Villenbesitzer, Ingenieur, Verbindungsmitglied – auf den typischen FU-Studenten, der täglich in der Unibibliothek in der Garystraße sitzt, trifft das alles eher nicht zu. Auf den Namensgeber besagter Straße hingegen schon: Obwohl Max Gary hinter einem der bekanntesten Straßennamen des Dahlemer FU-Campus steckt, könnte er kaum weiter entfernt sein von denjenigen, die heute die geschlängelte Straße zwischen Clay- und Thielallee bevölkern.

Max Gary wurde am 15. August 1859 als Sohn eines ukrainischen Händlers aus Odessa in Erfurt geboren. Dort absolvierte er nach der Schule zunächst eine Zimmermannslehre. Wie viele junge Leute heutzutage zog es ihn anschließend mit Anfang 20 zum Studieren nach Berlin – jedoch nicht um sich mit einem der Fächer zu beschäftigen, die an der knapp 100 Jahre später gegründeten FU hoch im Kurs stehen. Gary widmete sich weder den Geisteswissenschaften noch der Politologie. Er begann an der Technischen Hochschule, einem Vorgänger der heutigen TU, Ingenieurwissenschaften und Architektur zu studieren; zwei Fächer, die an der FU nie angeboten wurden.

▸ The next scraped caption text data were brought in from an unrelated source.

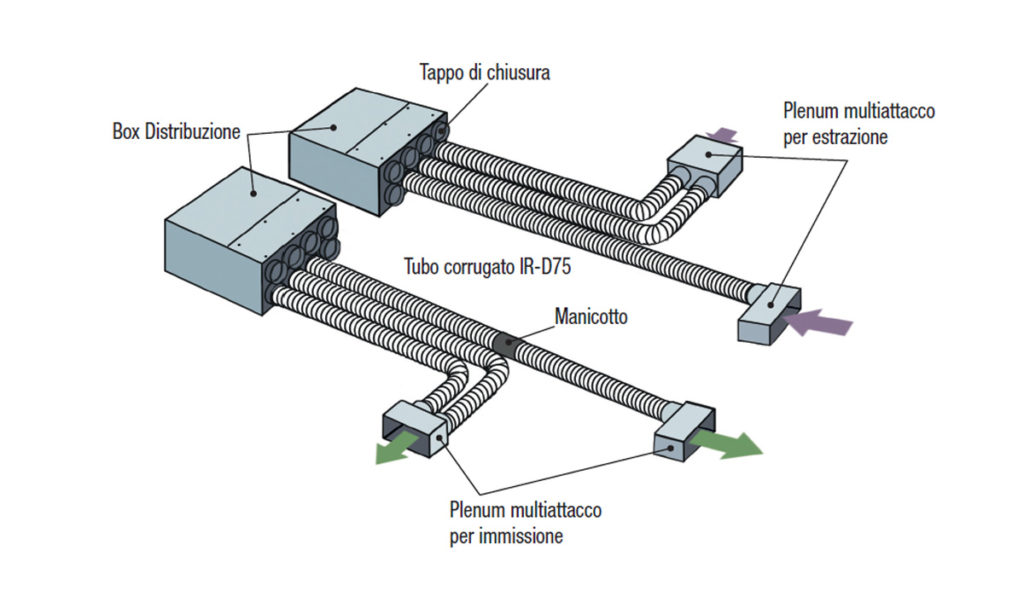 Ventilazione Meccanica Controllata VMC Come Funziona Petalo S R L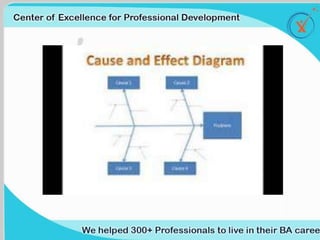Traditional BA (Waterfall) Agile BA
Requirements are documented in Use
Cases,Business Requirements, Functional
requirements, UI Specifications, Business Rules.
Requirements are documented in Epics, User
Stories and optionally Business (or Essential) Use
cases.
Focuses on completeness of requirement and
spends time in ensuring the requirement is
unambiguous and has all the details.
Focuses on understanding the problem and being
the domain expert so that s/he can answer
questions from the development team swiftly and
decisively.
Focuses on getting a ‘sign off’ on the requirements.
Focuses on ensuring the requirements meet the
currentbusiness needs, even if it requires
updating them.
Often there is a wall between the BA/Business and
the Development team.
Agile BA (Often called as Product Owner) is part of
the team.
Tends to dictate solutions.
Has to remain in the problem domain, leaving the
development team ‘space’ to explore different
solutions.
Long turnaround. Quick turnaround.
Focus on what the requirements document said. In
other words, output (Artifact) is a well written
thorough requirements document.
Focus on the functionality of the developed
software. In other words, output (Artifact) is the
software that meets thebusiness needs.
 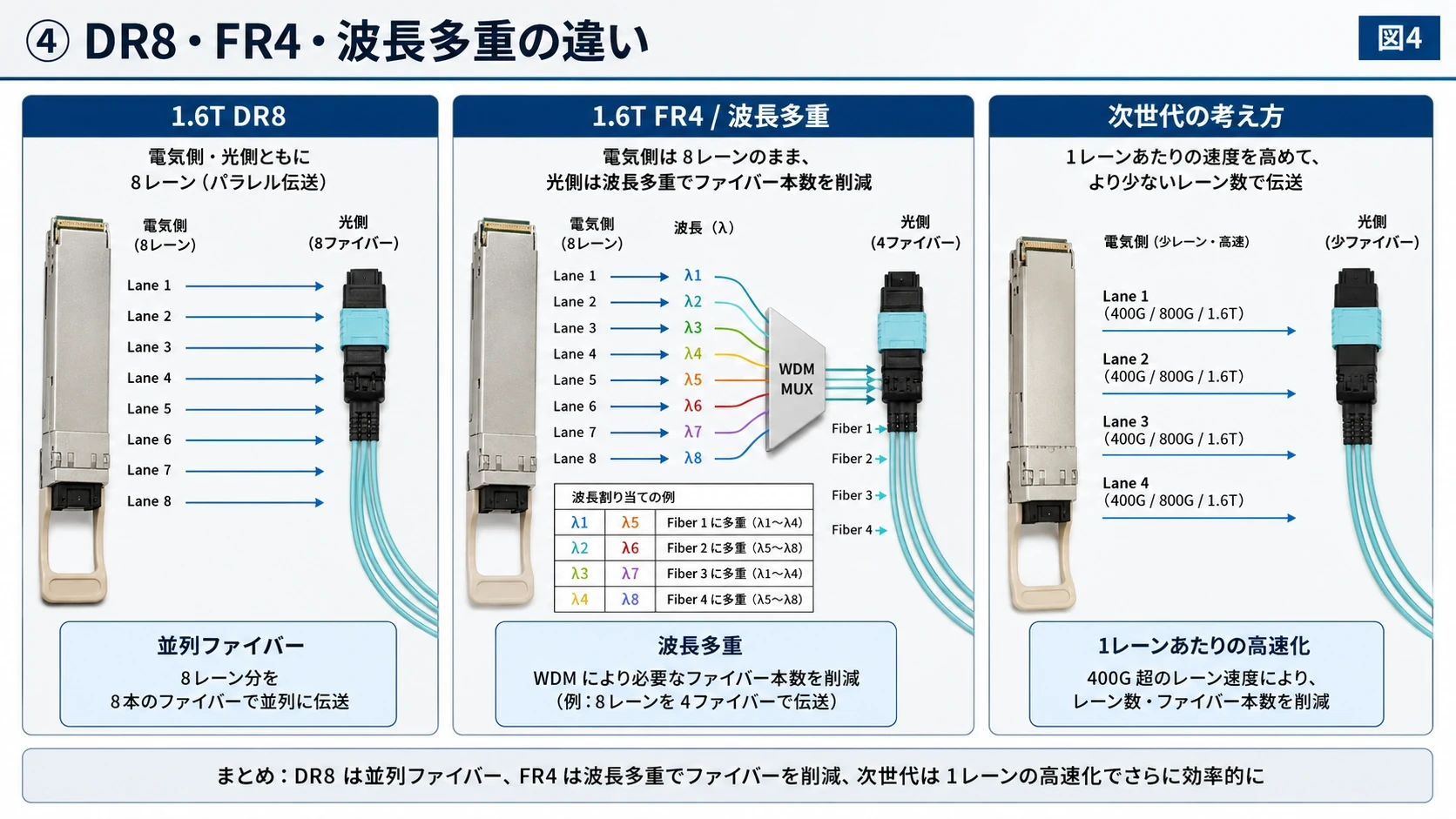 DR8・FR4・波長多重 01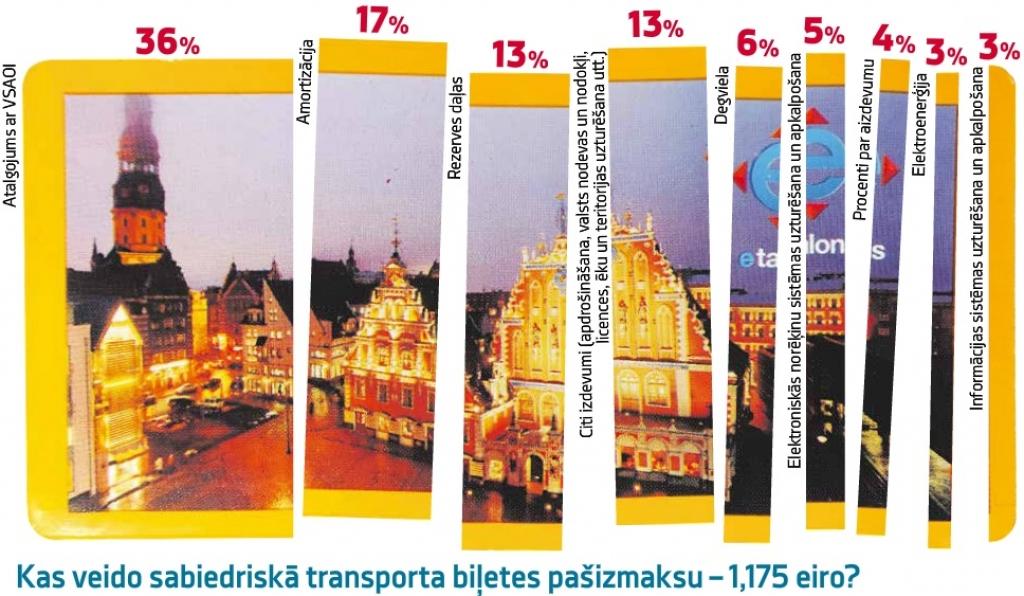 Dienas tēma: E-talona rentgens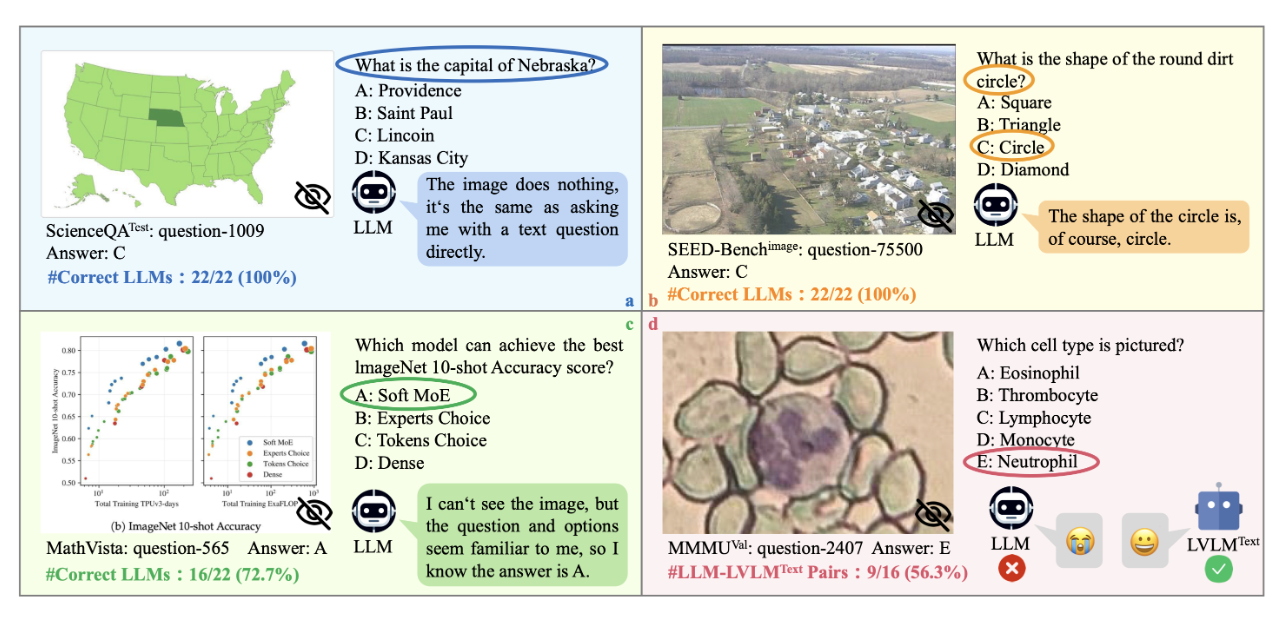 Common issues found in LLM benchmark datasets that MMStar addresses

Mit Beginn des Studiums trat Gary außerdem in die Studentenverbindung Corps Saxonia Berlin ein, einer schlagenden Verbindung, die heute lediglich noch als Ableger in Aachen existiert. Auch das ist völlig atypisch für die Passanten der Garystraße im Jahr 2013: Nur sehr wenige männliche Studenten in Berlin sind Mitglied in einer Verbindung, an der FU ist das Tragen von Couleur gar von der Unileitung unerwünscht.

Sein Studium brachte Gary innerhalb von vier Jahren erfolgreich hinter sich, Architekt wurde er aber nicht. Stattdessen nahm er nach seinem Studium eine Assistenzstelle an der Königlichen Prüfstation für Baumaterialien an. Nach dem Tod des Leiters wurde er 1895 neuer Chef des Instituts. Als dieser baute sich Gary einen guten Ruf auf, weil er sich sehr um die Umstrukturierung der Prüfstation kümmerte. Nebenbei brachte er die Baustoffkunde durch einige wissenschaftliche Abhandlungen entschieden voran.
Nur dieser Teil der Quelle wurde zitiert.